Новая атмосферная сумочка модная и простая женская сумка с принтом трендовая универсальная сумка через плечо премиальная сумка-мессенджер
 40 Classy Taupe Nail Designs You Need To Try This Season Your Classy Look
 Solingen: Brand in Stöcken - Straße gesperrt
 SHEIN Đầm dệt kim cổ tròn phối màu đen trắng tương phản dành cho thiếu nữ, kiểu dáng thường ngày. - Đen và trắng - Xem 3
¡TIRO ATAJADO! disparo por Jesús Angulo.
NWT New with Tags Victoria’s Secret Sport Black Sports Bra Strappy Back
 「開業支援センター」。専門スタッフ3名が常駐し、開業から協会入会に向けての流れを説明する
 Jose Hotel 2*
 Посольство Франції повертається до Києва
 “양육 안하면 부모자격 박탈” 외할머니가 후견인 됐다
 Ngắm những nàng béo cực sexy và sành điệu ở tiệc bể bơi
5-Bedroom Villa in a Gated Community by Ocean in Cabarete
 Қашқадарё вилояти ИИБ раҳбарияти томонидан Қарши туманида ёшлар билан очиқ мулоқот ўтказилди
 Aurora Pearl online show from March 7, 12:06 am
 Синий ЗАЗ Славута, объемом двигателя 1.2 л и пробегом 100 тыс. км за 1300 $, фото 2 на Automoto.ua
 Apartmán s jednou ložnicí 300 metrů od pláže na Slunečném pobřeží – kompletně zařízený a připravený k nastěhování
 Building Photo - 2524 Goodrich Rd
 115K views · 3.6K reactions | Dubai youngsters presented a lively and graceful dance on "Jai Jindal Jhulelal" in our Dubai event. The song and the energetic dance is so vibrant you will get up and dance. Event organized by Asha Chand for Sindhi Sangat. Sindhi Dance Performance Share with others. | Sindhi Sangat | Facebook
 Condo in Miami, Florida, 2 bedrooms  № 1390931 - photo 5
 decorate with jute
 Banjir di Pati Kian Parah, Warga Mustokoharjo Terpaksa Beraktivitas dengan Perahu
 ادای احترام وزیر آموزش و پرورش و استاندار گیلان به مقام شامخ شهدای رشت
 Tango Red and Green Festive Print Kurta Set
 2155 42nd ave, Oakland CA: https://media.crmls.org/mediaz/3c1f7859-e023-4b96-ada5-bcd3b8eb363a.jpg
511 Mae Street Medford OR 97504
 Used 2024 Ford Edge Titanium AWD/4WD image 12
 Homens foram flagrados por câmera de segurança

Exercise brief - Write out exactly the lines of the entries above that run from the line containing "Building Photo - 2524 Goodrich Rd" through the last line, including both.

Exercise response -
 Building Photo - 2524 Goodrich Rd
 115K views · 3.6K reactions | Dubai youngsters presented a lively and graceful dance on "Jai Jindal Jhulelal" in our Dubai event. The song and the energetic dance is so vibrant you will get up and dance. Event organized by Asha Chand for Sindhi Sangat. Sindhi Dance Performance Share with others. | Sindhi Sangat | Facebook
 Condo in Miami, Florida, 2 bedrooms  № 1390931 - photo 5
 decorate with jute
 Banjir di Pati Kian Parah, Warga Mustokoharjo Terpaksa Beraktivitas dengan Perahu
 ادای احترام وزیر آموزش و پرورش و استاندار گیلان به مقام شامخ شهدای رشت
 Tango Red and Green Festive Print Kurta Set
 2155 42nd ave, Oakland CA: https://media.crmls.org/mediaz/3c1f7859-e023-4b96-ada5-bcd3b8eb363a.jpg
511 Mae Street Medford OR 97504
 Used 2024 Ford Edge Titanium AWD/4WD image 12
 Homens foram flagrados por câmera de segurança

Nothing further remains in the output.